Entre consultores y asesores de comunicación política se ha puesto de moda pedir a sus candidatos que hablen de cohesión social y reconciliación nacional como antídoto a la polarización. Se les invita a posicionarse como los integradores, los paladines de la unidad y los aguerridos combatientes de las divisiones generadas por los discursos divisorios de López Obrador.
Y por supuesto, nadie les cree.
Salvo una minoría de personas aisladas en su privilegio, nadie cree que las divisiones que dieron pie a la polarización que hoy permea la discusión pública en México sean resultado de un discurso político.
En México, la división es una realidad de todos los días. Un trabajador de la construcción no se siente un “nosotros” con su patrón, y un patrón menos. No se puede pretender que en política no se vale hablar de “ellos” y “nosotros”, cuando en el día a día esas divisiones se cultivan constantemente mediante la exclusión y el clasismo.
La polarización mexicana nace de la incapacidad de las instituciones para representar adecuadamente a la mayoría, no de lo que diga un político. Surge de la crisis democrática propia de un país donde el 53% de la población es pobre y el 40% de los trabajadores no pueden alimentar a su familia. La polarización no se crea, se cataliza.
En efecto, López Obrador ha sabido aprovechar los descontentos de la democracia mexicana y capitalizarlos en su favor. Sin embargo, sin los insumos primarios que él encontró en 2018 —la falta de oportunidad para las mayorías, el privilegio grosero de unos cuantos y la ruptura de la promesa democrática de velar por los vulnerables— dicha estrategia no habría funcionado. De no haber sido él quien lo capitalizara, habría sido otro partido. Era cuestión de tiempo.
Morena triunfó porque su discurso cayó en suelo fértil, no porque su discurso fertilizara.
Sin embargo, ya sea por ignorancia o ingenuidad, los estrategas políticos mexicanos fallan y fallan en su diagnóstico. Olvidan que la unidad discursiva no puede darse desde la desigualdad objetiva. Que la polarización no es algo que se pueda arreglar desde lo cosmético. Y que tratar de hacerlo, incluso, puede resultar contraproducente.

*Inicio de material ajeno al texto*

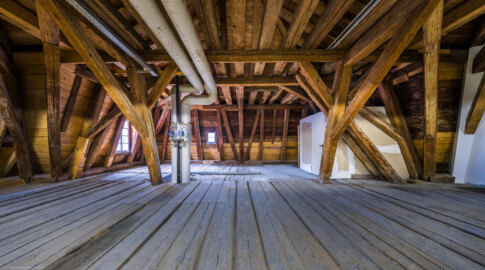 Schloss und Schlossgarten Schwetzingen - Garten - Nördlicher Zirkelbau - Von innen - Dachstuhl - Mittlerer Pavillon - Von Südwest - Blick nach Nordost in den Dachstuhl des mittleren Pavillons; rechts der Mitte am hellen Kubus die Tür zum Dachstuhl (Gesamter Bau: Länge Bogen ca. 175 Meter, Breite zwischen ca. 11 und 18 Meter, 51 Achsen, 5 Pavillons, 4 Zwischenbauten; Architekt: Alessandro Alessandro Galli da Bibiena (1686-1748), Bauleitung: zuerst Guillaume d’Hauberat (1680–1749), dann Nicolas de Pigage (1723-1796); Bauzeit: 1748-1750) (aufgenommen im November 2024, am späten Vormittag)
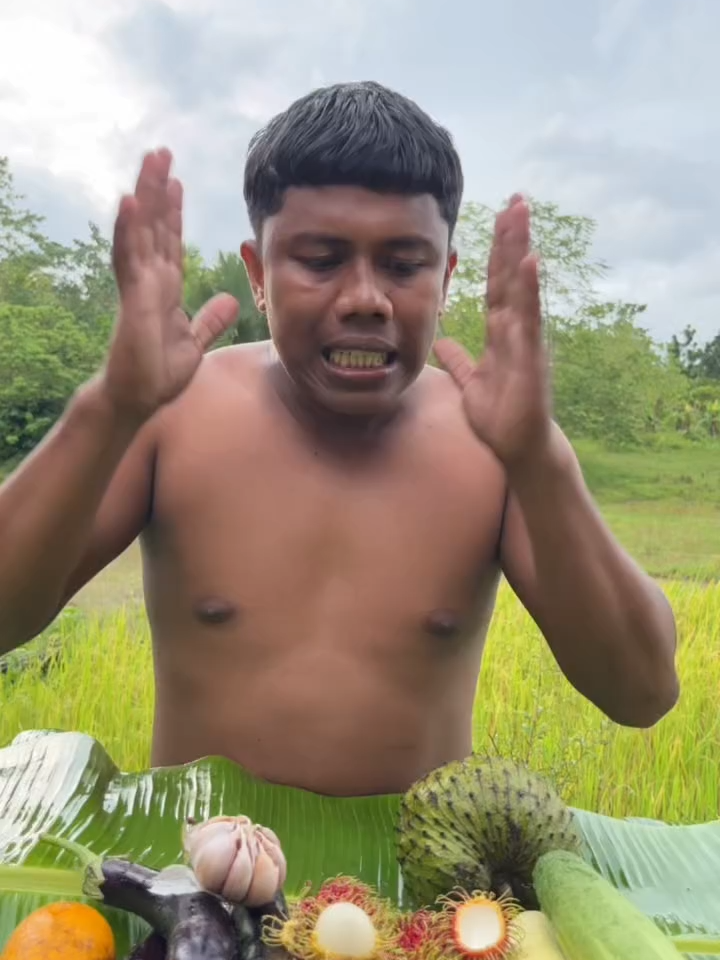 Mukbang | Follow on Facebook: Mulangoton Vlogs #fypシ゚viral🖤tiktok #Foodie #food #fyp #mukbang #entertainment #fypシ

Por eso, uno a uno los candidatos de la oposición caen en contradicciones. El que Ricardo Monreal hable de un “plan de reconciliación nacional”, al mismo tiempo que abandera una de las reformas fiscales más regresivas jamás propuestas, desprestigia al poder Legislativo. El que Enrique de la Madrid argumente la urgencia de la “unidad y la concordia” al mismo tiempo que minimiza la desigualdad como un problema secundario, alimenta el rechazo a la clase política tradicional. Y el que organismos de “la sociedad civil” convoquen a crear “un proyecto por encima de las diferencias”, como si pudiéramos simplemente olvidarlas, devela su incomprensión de lo que es la carencia.
Los llamados a la unidad son hipocresías si no se explica, primero, cómo se atemperará la fuente del descontento: una democracia farisea, simulada y elitista.

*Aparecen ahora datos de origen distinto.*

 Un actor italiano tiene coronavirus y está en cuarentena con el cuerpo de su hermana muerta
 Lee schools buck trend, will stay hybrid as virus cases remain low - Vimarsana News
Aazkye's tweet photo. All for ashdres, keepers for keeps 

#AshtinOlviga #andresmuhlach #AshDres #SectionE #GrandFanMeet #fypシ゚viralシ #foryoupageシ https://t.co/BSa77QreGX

Irónicamente, decir que la polarización mexicana es efecto del discurso político de López Obrador termina beneficiándose y dándole la razón. Para el mexicano promedio, que vive constantes desigualdades, injusticias y exclusiones, dichos argumentos solo pueden provenir de quien no conozca la realidad del país, de quien viva en un círculo de desconexión, o de quien crea que las injusticias no son tan graves.
Es como si López Obrador hubiera tejido una chambrita y sus opositores, felices, se la hubieran puesto.
Concebir la polarización como resultado de algo cosmético, supone creer que el día en que se elimine al líder polarizante, en este caso a López Obrador, la sociedad volverá a ser cohesiva. Sin embargo, no existe evidencia de ello. Por el contrario, algunos estudios han demostrado que quitar a un líder polarizante, sin resolver la inclusión de sus votantes en la nueva coalición gobernante, es una fuente importante de inestabilidad política. Así ha pasado en Tailandia, Filipinas y, en menor medida, en la Grecia contemporánea.
La polarización no se resolverá cuando nos olvidemos de las diferencias, sino cuando nos las tomemos en serio.
Si deseamos un México donde la discusión política no se decante en aspectos de clase, debemos asegurarnos de que las clases sociales no sean determinantes del presente y futuro de las personas. Si queremos que el discurso de López Obrador contra las élites no permee, debemos luchar porque las posiciones de mayor poder económico sean alcanzables para personas que no hayan nacido en la riqueza. Si buscamos un país que ignore a los populistas, debemos crear condiciones para que la etiqueta de “ellos” y “nosotros” no tenga sentido.
No tengo duda de que esto es posible. Hay que desarrollar una plataforma real de inclusión que haga que la polarización que hoy vivimos transmute en algo positivo. Hagamos que este momento, no sea recordado como una crisis democrática, sino como un despertar donde la sociedad mexicana se transformó en una democracia más justa.